_Task instructions:_
Would you transcribe the records below from the line with "2017 Ford Transit-350 XL" to the line with "Load image into", ends included, exactly and with nothing more, leaving the pictures out?

_Excerpted data:_
※ ※ ※
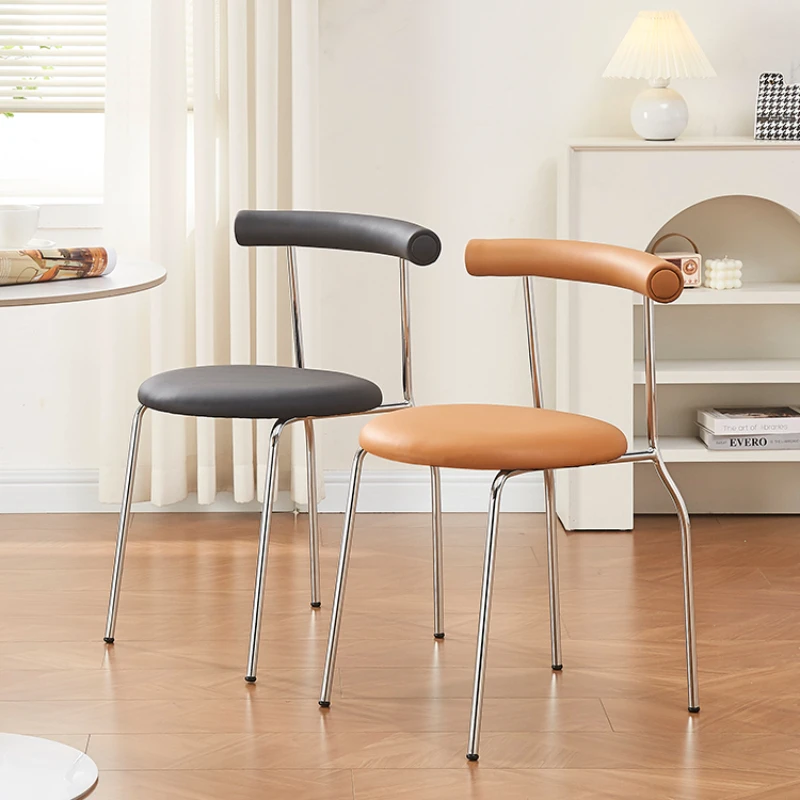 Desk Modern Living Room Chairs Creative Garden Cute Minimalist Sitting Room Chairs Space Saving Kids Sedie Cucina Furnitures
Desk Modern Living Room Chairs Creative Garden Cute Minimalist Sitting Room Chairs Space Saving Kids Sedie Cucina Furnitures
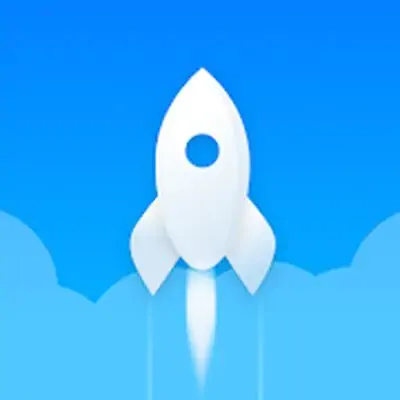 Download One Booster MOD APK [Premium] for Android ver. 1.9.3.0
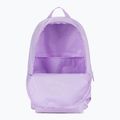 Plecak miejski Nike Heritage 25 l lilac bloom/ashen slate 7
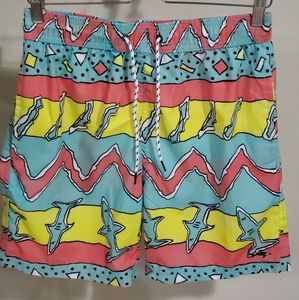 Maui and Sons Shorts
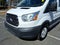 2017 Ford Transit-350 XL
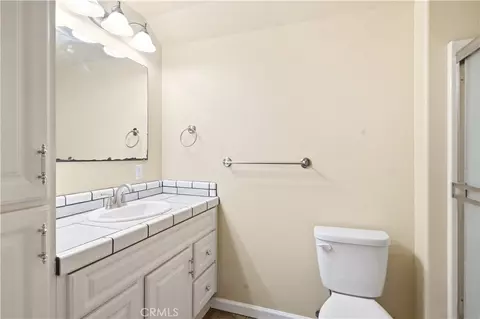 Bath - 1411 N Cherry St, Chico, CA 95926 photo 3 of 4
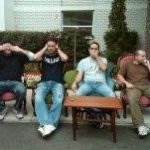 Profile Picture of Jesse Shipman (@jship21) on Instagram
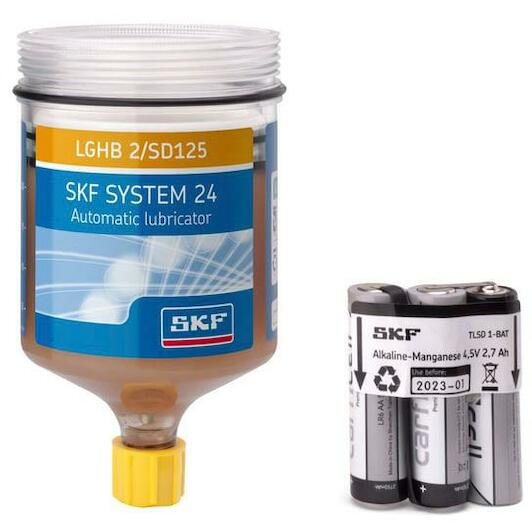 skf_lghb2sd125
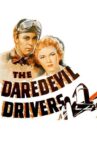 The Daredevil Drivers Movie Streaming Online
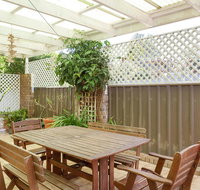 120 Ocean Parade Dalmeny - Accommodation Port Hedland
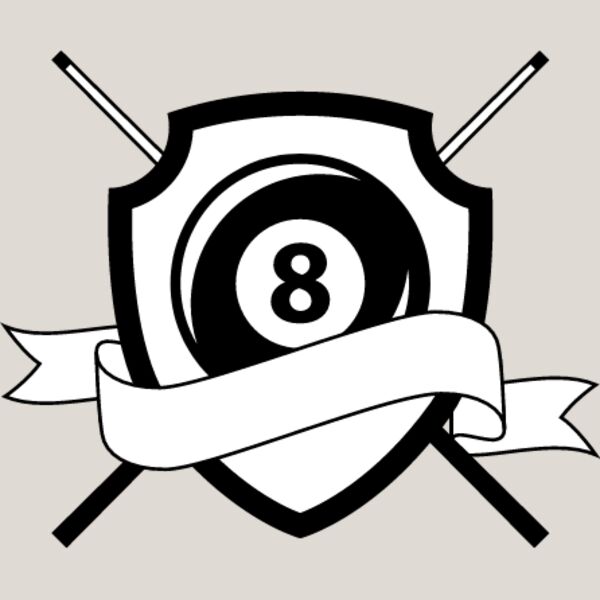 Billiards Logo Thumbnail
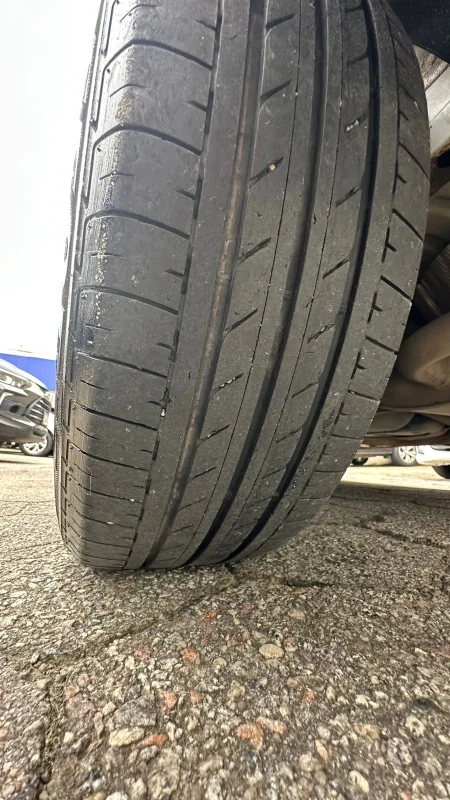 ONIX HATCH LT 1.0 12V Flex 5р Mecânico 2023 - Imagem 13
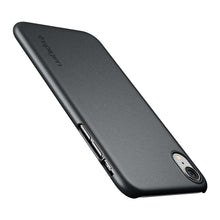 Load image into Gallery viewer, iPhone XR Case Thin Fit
※ ※ ※
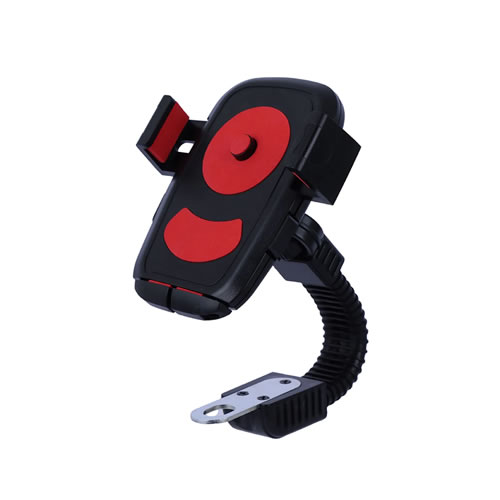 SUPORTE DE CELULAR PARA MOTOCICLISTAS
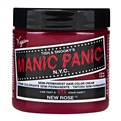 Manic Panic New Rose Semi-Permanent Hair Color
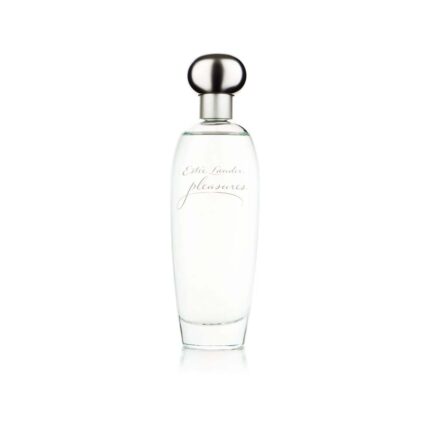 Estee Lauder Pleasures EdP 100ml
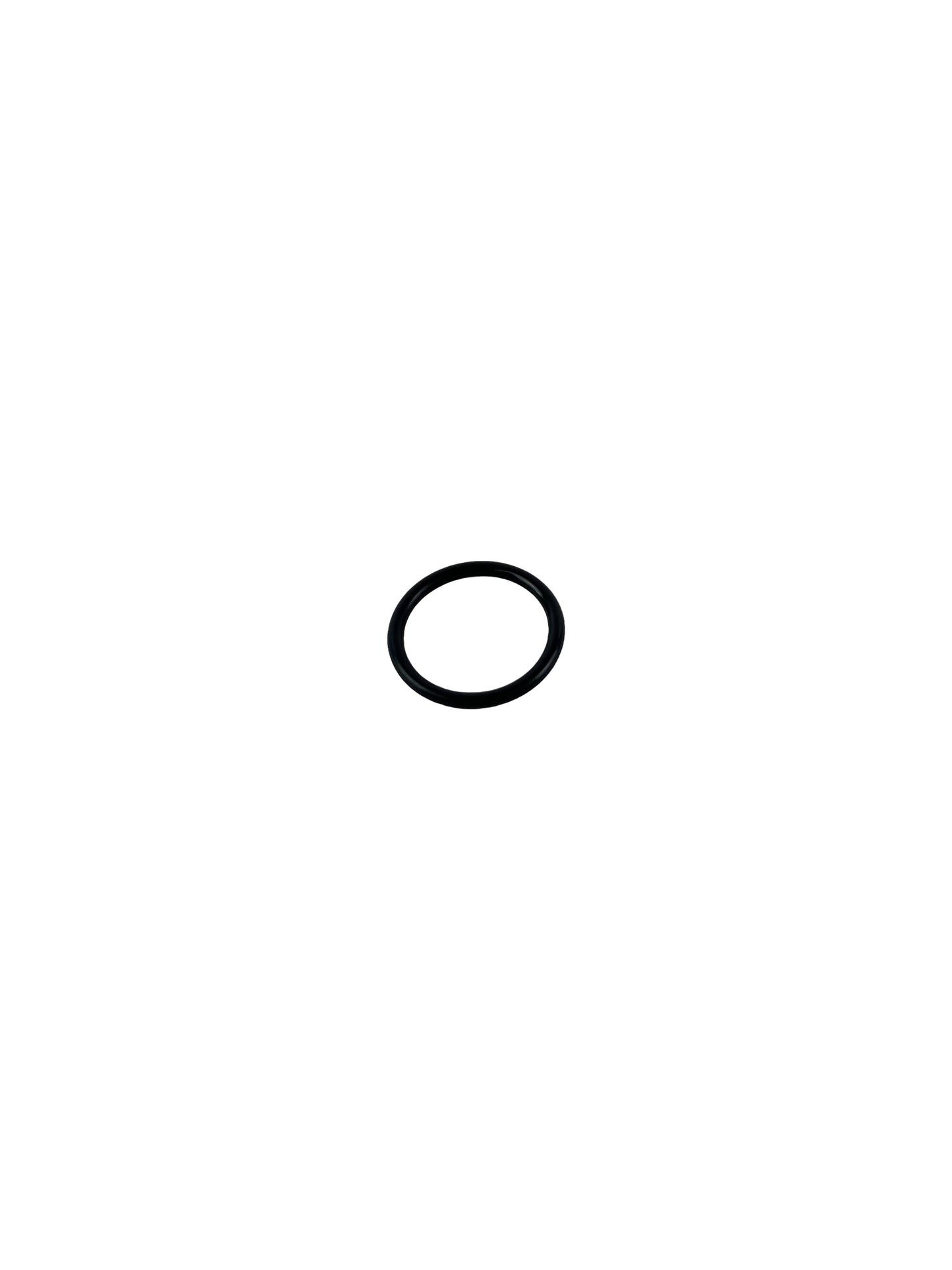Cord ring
※ ※ ※
_Response:_
 2017 Ford Transit-350 XL
 Bath - 1411 N Cherry St, Chico, CA 95926 photo 3 of 4
 Profile Picture of Jesse Shipman (@jship21) on Instagram
 skf_lghb2sd125
 The Daredevil Drivers Movie Streaming Online
 120 Ocean Parade Dalmeny - Accommodation Port Hedland
 Billiards Logo Thumbnail
 ONIX HATCH LT 1.0 12V Flex 5р Mecânico 2023 - Imagem 13
 Load image into Gallery viewer, iPhone XR Case Thin Fit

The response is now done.